One of the most exciting applications of embeddings is their ability to work with different types of data - like text and images - in a unified way. These advances are helping businesses unlock more value from their multimedia data assets through better organization, search, and analysis capabilities. The technology has evolved rapidly: CLIP by OpenAI showed in 2020 how to connect images and text in a shared space, then LiT by Google Brain improved the approach in 2023 by focusing on better text embedding while keeping the image embedding model fixed. Most recently, our models Nomic Embed Text and Nomic Embed Vision took an inverted approach - using our text embedding model to train an image embedding model with semantic representations learned by the text embedder.
Modified diagram from the OpenAI CLIP paper
We are building our own embedding model seriesNomic Embed with open source data and training code. It is integrated into everything we make at Nomic, and serves as the embedding space underpinning Atlas's core data mapping capabilities: the embeddings determine the layout in the map visualization, drive Atlas's semantic search functionality, and enable the creation of custom semantic classifiers.
Nomic Embed models are used by hundreds of thousands of developers building their own AI tools. Both the text embedder and image embedder are available on Hugging Face, becoming some of their most downloaded embedding models due to the right balance of strong performance, fast inference speed, and low memory usage.

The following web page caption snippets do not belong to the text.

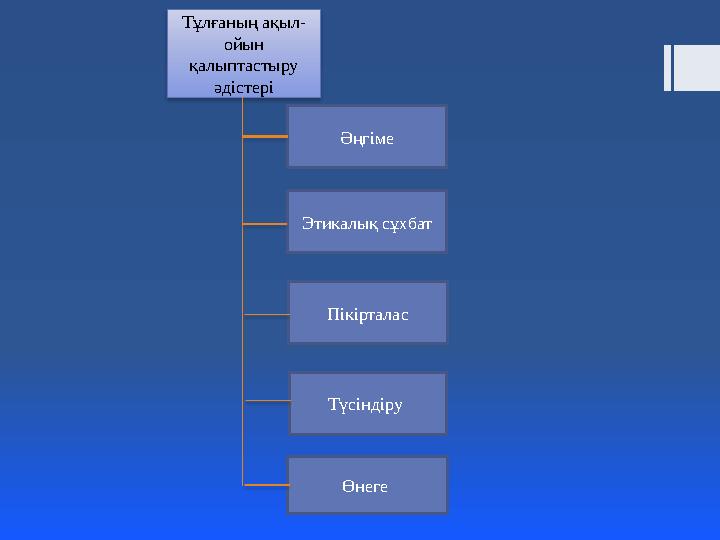Тұлғаның ақыл- ойын қалыптастыру әдістері Әңгіме Этикалық сұхбат Пікірталас Түсіндіру Өнеге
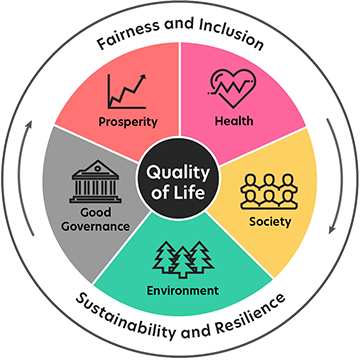 Indentifier - Quality of Life Framework 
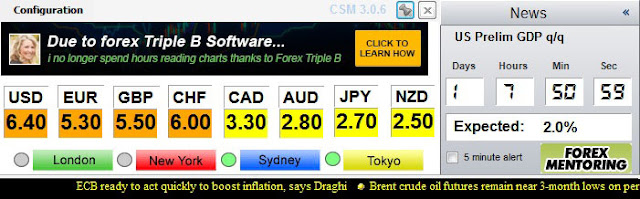Forex currency meter free download
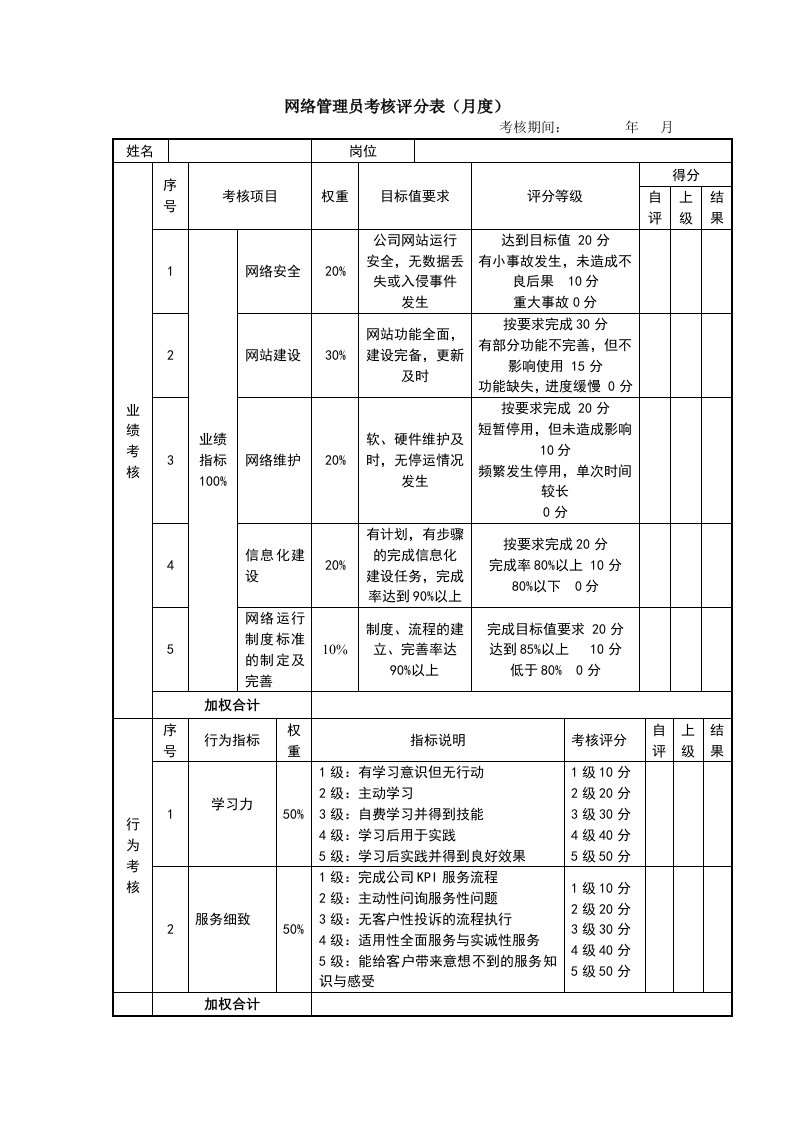 建筑资料-网络管理员考核评分表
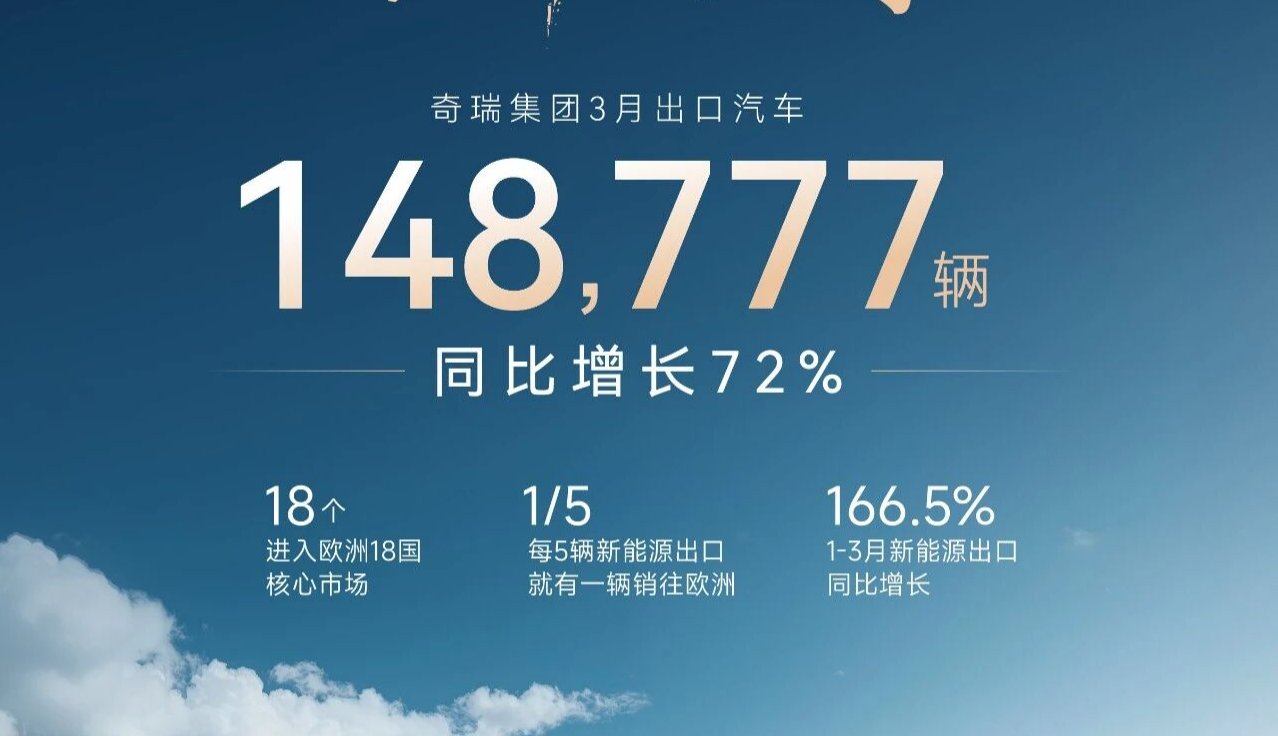 奇瑞集团:3月出口近15万辆,同比增长72% 再创中国新纪录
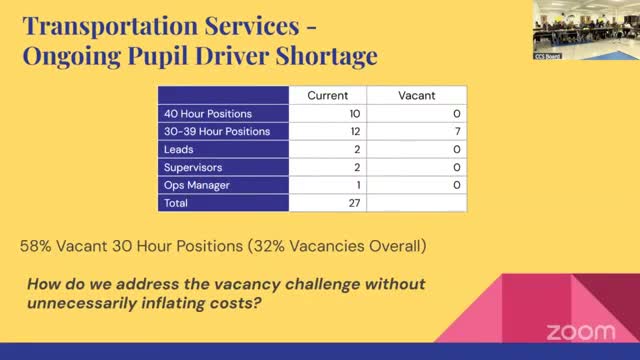 City and schools flag driver shortage and rising facilities/transportation contract costs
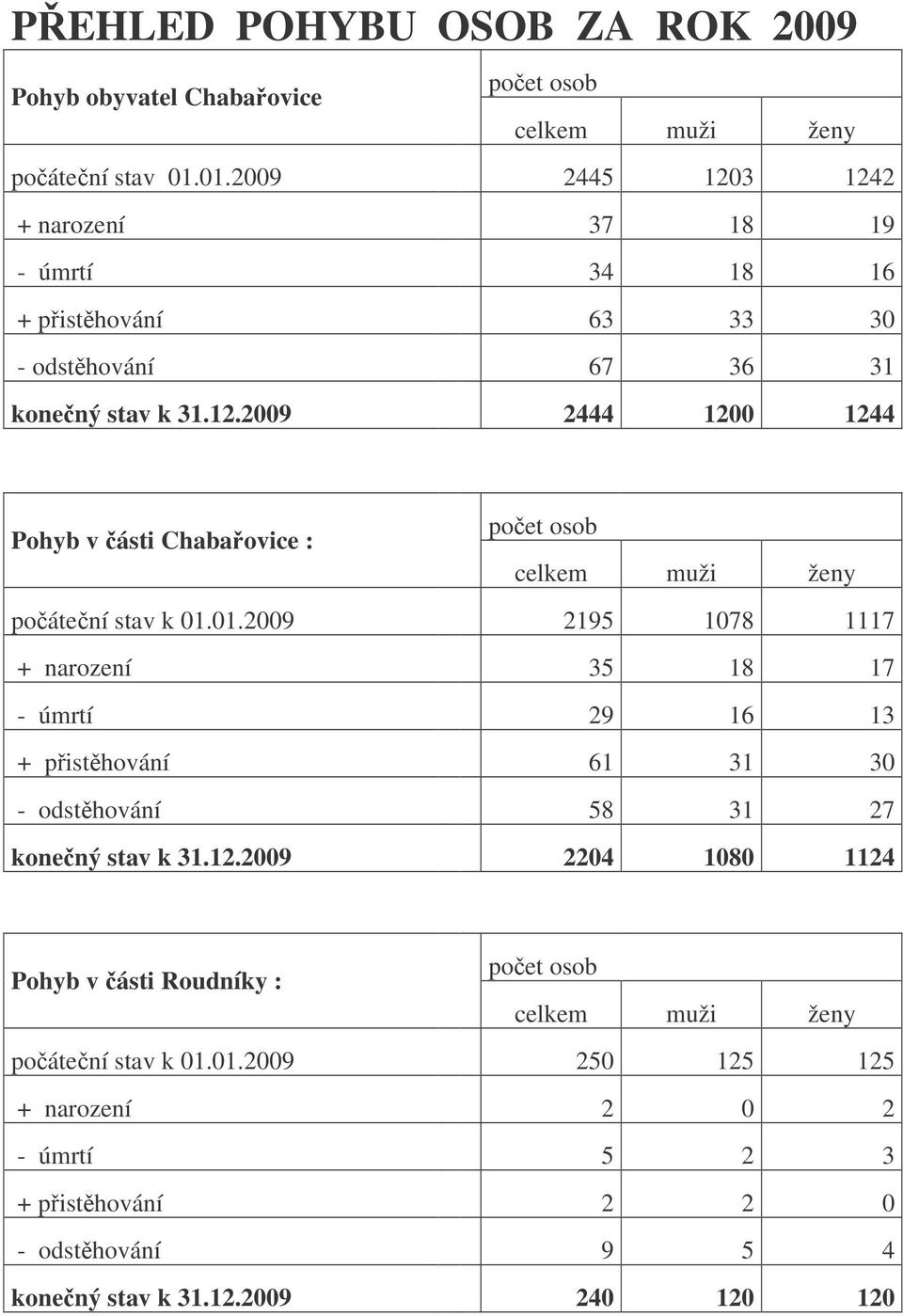 01.2009 2195 1078 1117 + narození 35 18 17 - úmrtí 29 16 13 + pisthování 61 31 30 - odsthování 58 31 27 konený stav k 31.12.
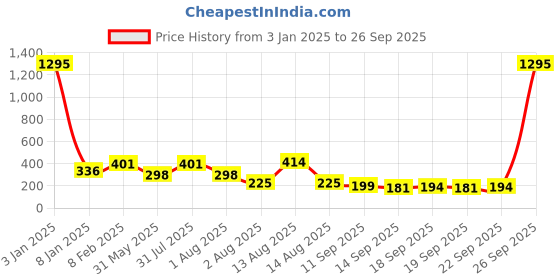 myntra.com NUSYL Girls Tie & Dye Cotton T-shirt nusyl Price History Graph from 3 Jan 2025 to 26 Sep 2025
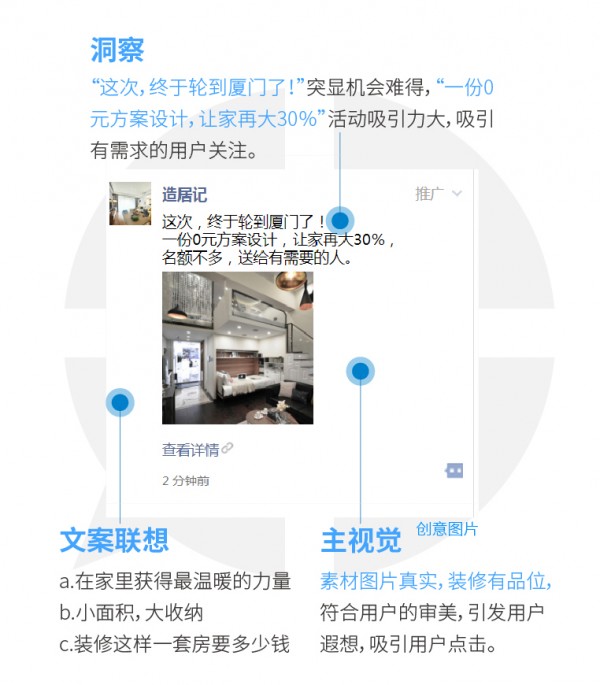 30個精彩案例教你如何抓住消費者的心27.jpg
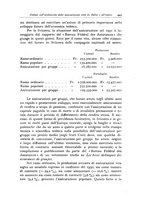 giornale/CFI0353791/1933/unico/00000477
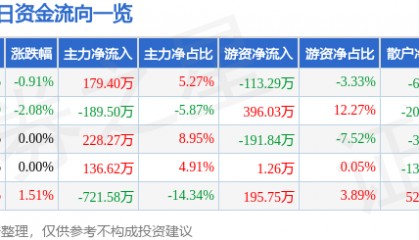 股票行情快报：胜利股份（000407）5月23日主力资金净买入179.40万元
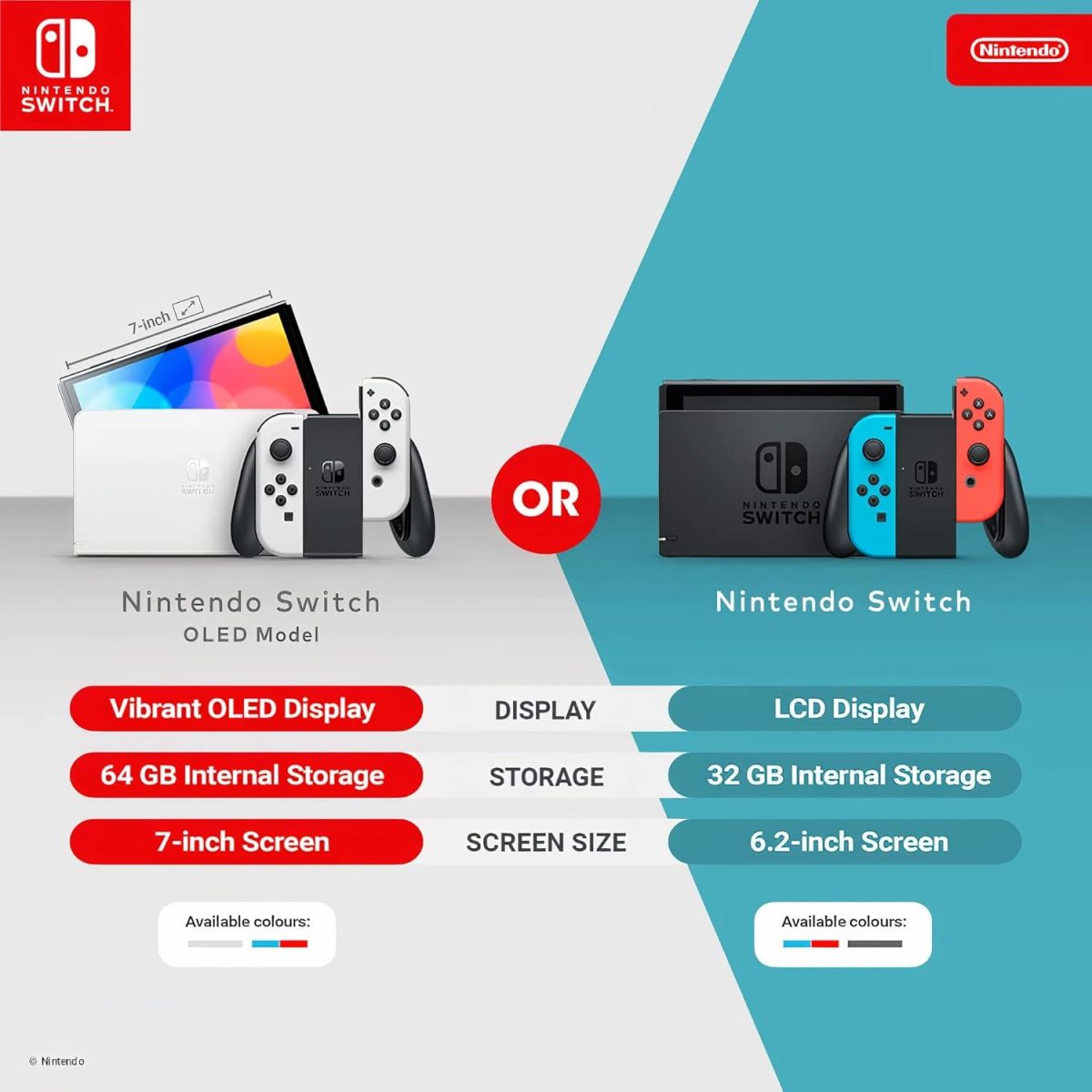 ⁦Asefuoirk Console – Modello OLED Bianco - schermo OLED 7" - 64GB⁩ - الصورة ⁦9⁩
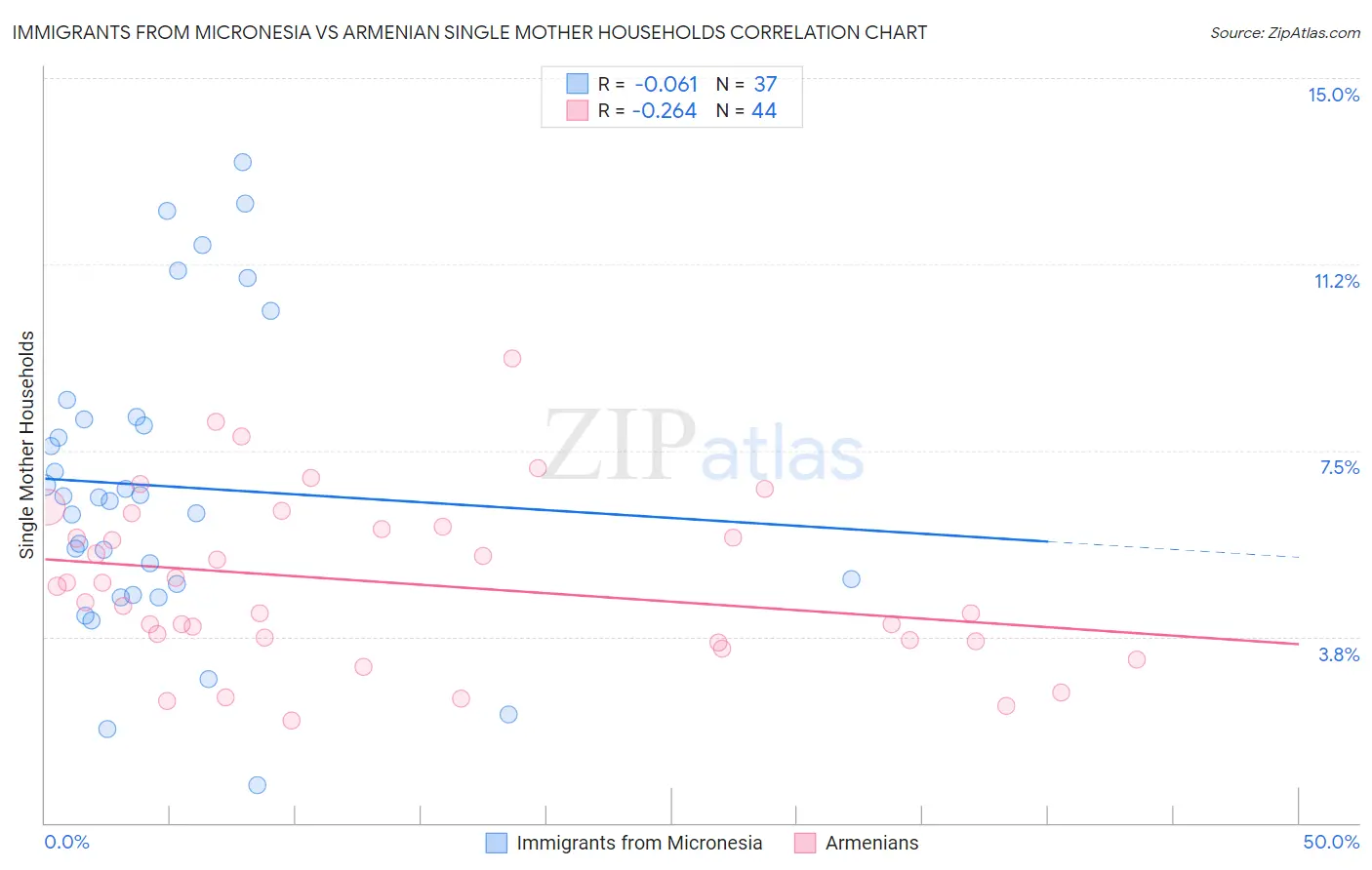 Immigrants from Micronesia vs Armenian Single Mother Households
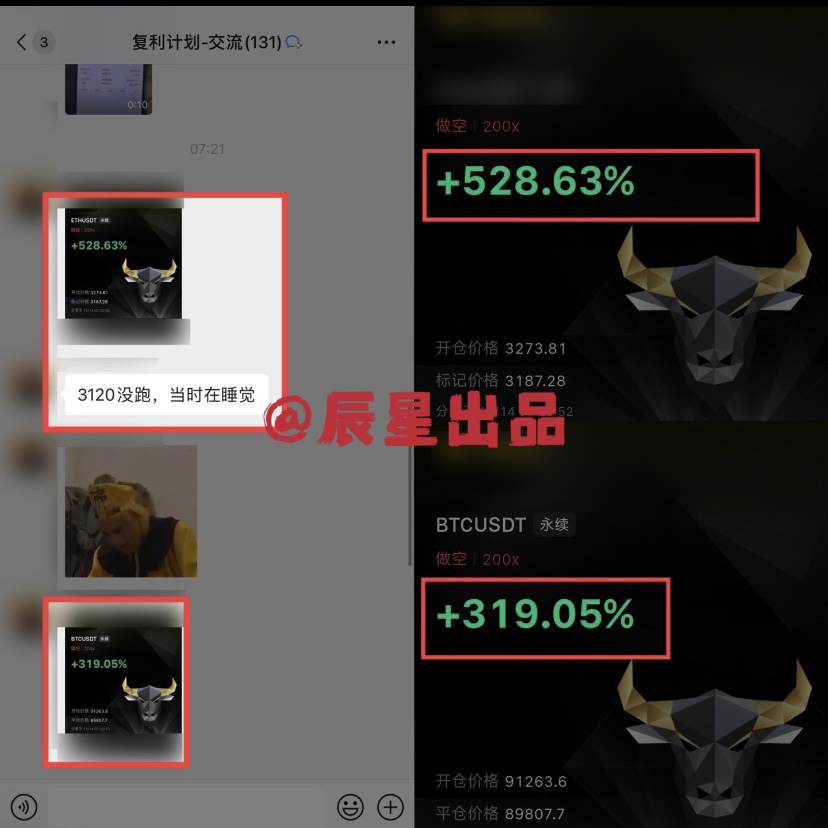 图片[69]-辰星团队-复利反馈图合集-辰星笔记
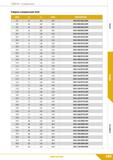 185 Свёрла Спиральные Сверло спиральное 5xD dlh6 L2 LI d2h6 ОБОЗНАЧЕНИЕ 9,7 61 103 10,0 DCA-097/061C10M 9,8 61 103 10,0 DCA-098/061C10M 9,9 61 103 10 Каталог КЗТС 2019 Монолитный инструмент по металлу Концевые твердосплавные фрезы Сверла спиральные из твердого сплава Развертки для обработки отверстий Стр. 183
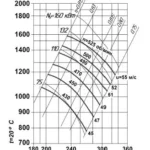 Вентиляторный агрегат двустороннего всасывания ВР 80-100 (ВЦ-4-100) 20/2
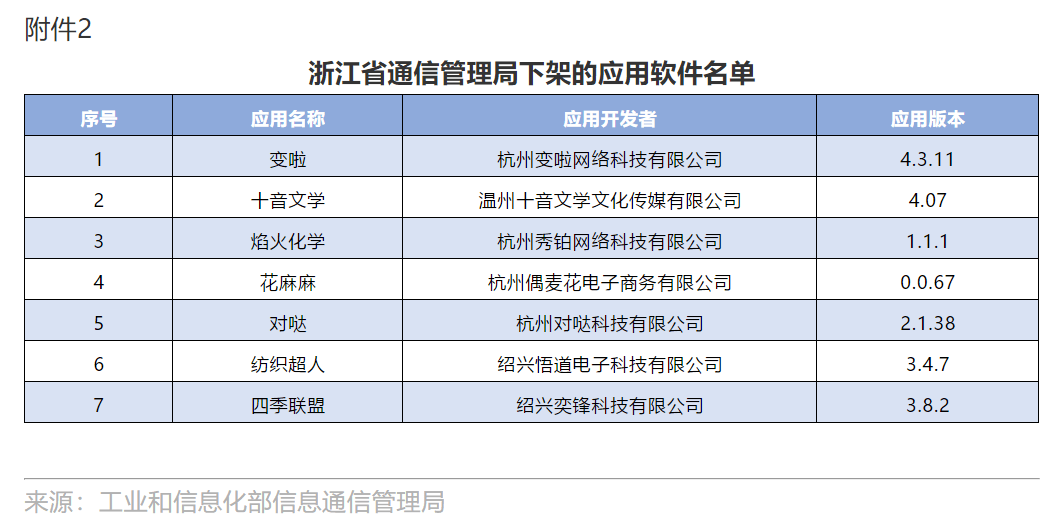 工信部通报下架60款侵害用户权益APP,本地头条、手机万年历等APP在列!_名单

Transparency and the open-source movement has also played a role in Nomic Embed's widespread adoption. By publishing both the model weights and training code, we've made it easier for users to understand, trust, and adapt the model to their specific needs. This openness has encouraged long-term adoption, as users can use the model weights directly in their projects without concerns about sudden changes or lack of support.
As we continue to develop and enhance Nomic Embed, we are focusing on expanding its capabilities even further. We’re adding support for more languages to make Nomic Embed truly global and versatile. And beyond text and images, we’re preparing to support audio, video, and customizability so that users can naturally extend our embedding space to their own user-defined modalities.
Atlas serves as a practical workspace for anyone, with or without ML experience, to visualize, explore, and interact with their data on an embeddings-powered data map. When you upload data to Atlas -- from Python or in the browser -- we automatically run Nomic Embed on your data as part of building your data map; you can then download the embeddings we compute and re-use them however you want.
As a fundamental layer of Atlas, embeddings provide a powerful way for anyone looking to get the most value and understanding from large datasets. Whether you're a data professional or just someone curious about understanding some data you have on hand, using embeddings in Atlas can help you see your data more clearly and explore it more deeply.